While it may seem as though modern life would make it impossible for anyone to be so hopelessly out of the loop in the 21st century, there are still people who are following wrong-headed ideas, often into financial disasters. These modern-day fools are often following out-of-touch methods for using credit—and hurting themselves in the process.
Have you ever foolishly abused your credit card in one of these ways?
Foolish Habit #1: Only paying the minimum each month.
This is an easy trap to fall into, even though all of us should know better by now—especially since the 2009 Credit CARD Act now requires credit card statements to indicate how long it will take you to pay off your card if you only pay the minimum.
Unfortunately, offering cardholders a minimum amount to pay does some voodoo on our brains. The effects of anchoring—a cognitive bias wherein hearing or seeing a number affects our ability to think rationally about how much we should pay for something—makes us decide to pay less than we would if we weren’t offered a minimum payment amount. The low number helps us “decide” to pay less than we might otherwise, even if we do pay more than the minimum.
The Smart Way: Pay your credit card bill in full each month.
Obviously we should all be doing this, although there’s still hope for those who are in over their heads. Rather than rely on your credit card to tell you how much to pay, decide how much you will pay each month before you open your statement. And for heaven’s (and your own) sake, stop using the card until you’ve paid it off!
Foolish Habit #2: Making charges you’re not sure how to pay for.
The devious thing about credit cards is that they provide us with a false sense of security. We can run out of the house with just our credit card and know that we can pay for anything, from a snack at a fast food restaurant to a major purchase, without having to stop by the bank, check our balances, or otherwise think twice about it.
Part of the reason why we can so easily fall into this habit is because the old-school wisdom was to never make a credit card purchase when you could pay in cash. But the big hole in that theory was the fact that you would choose to use your credit card only when you had no method of ultimately paying for the purchase.
The Smart Way: Pay in cash and plan your credit purchases.
The intention behind the old advice was to make sure you carried cash and paid for your purchases with it, rather than with credit. And that is sound advice. Carrying cash will make sure that you don’t spend more than you have, since cash has a disconcerting habit of being gone once you’ve spent it.
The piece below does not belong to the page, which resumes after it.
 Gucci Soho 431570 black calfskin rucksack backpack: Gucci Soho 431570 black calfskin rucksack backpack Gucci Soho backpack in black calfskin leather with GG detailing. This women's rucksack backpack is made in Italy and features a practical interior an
However, the other side of the coin has to be making certain you don’t make any credit card purchases that you haven’t planned for. Meaning—you always know where the money will come from to pay for any particular credit card purchase. If you’re not able to do that, then it’s safer to leave your credit cards at home (in a block of ice, if necessary), and always pay with cash.
Foolish Habit #3: Signing up for one-click shopping online.
We all love convenience, and with our hectic modern lives, why not take advantage the things that will ultimately save time? That’s the way that Amazon, iTunes, and other online retailers sell you on the “convenience” of saving your credit card information and enabling one-click shopping.
But these “conveniences” deprive you of the opportunity to second-guess your purchases, which is an important step in ensuring that you really want to buy whatever is striking your fancy. It’s even more dangerous when you have Kindles, iPads, and other devices that allow you to shop directly from them—when you can shop anywhere without even having to stop to get out your credit card, you’re much more likely to make impulse purchases. And those bad boys add up, even if it’s “only” a $9.99 Kindle download here and a 99-cent music download there.
In a recent article on one-click shopping, Farnoosh Torabi said this about making purchases this way:
“Money is abstract as it is, and it’s why a lot of us have a hard time managing it. If you have to see money leave your wallet, overspending is harder. But with things like Google Wallet, it’s very easy, a lot quicker. And we already tend to overspend with credit cards.”
The Smart Way: Institute a 24-hour online purchase rule.
Convenience is an excellent goal when it comes to other areas of your life, but one-click shopping is not one of them if you’re trying to fix your finances. If you find something you’re interested in buying, bookmark the page and force yourself to wait a full day before actually making the purchase. This will help you determine if you really need the item, or if you’re simply bored, feeling down, or otherwise shopping to fulfill an emotional need.
On top of that, just don’t allow sites to store your credit card information. Not only does that leave you more vulnerable if the site is hacked, but having to manually enter your digits for each purchase can give you enough breathing room to think twice about your purchase.
The Bottom Line
Even the savviest credit card user can make foolish decisions. Rather than being an April Fool year round, make sure you use your credit card mindfully. It’s the real trick behind managing your credit.
Have you ever foolishly abused your credit card like having one-click shopping enabled?